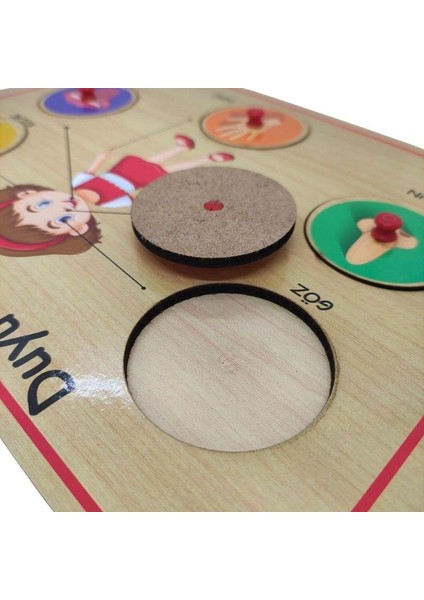 Ahşap Tutmalı Organlar Puzzle fiyatları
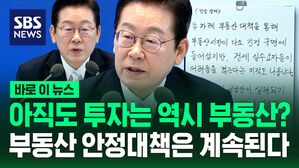 [바로이뉴스] 아직도 투자는 역시 부동산? 부동산 안정대책은 계속된다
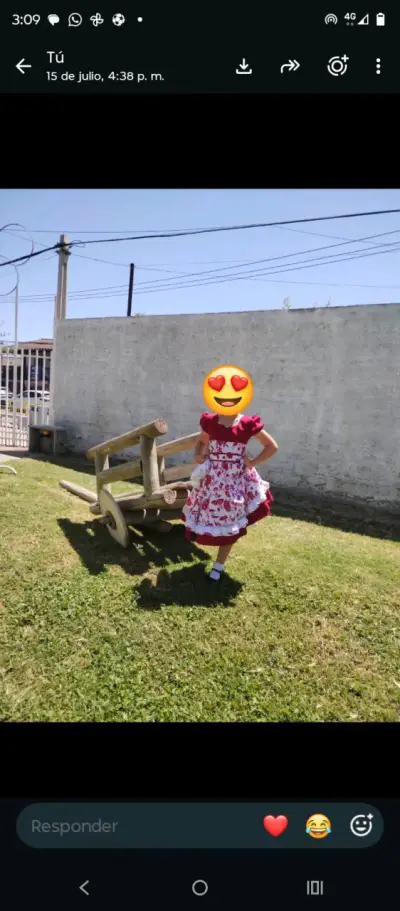 Vestido de huasa talla 10 - miniatura 2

#### The problem
The pictures should be dropped, and every line above should be set down again exactly.

#### Answer space
 Ahşap Tutmalı Organlar Puzzle fiyatları
 [바로이뉴스] 아직도 투자는 역시 부동산? 부동산 안정대책은 계속된다
 Vestido de huasa talla 10 - miniatura 2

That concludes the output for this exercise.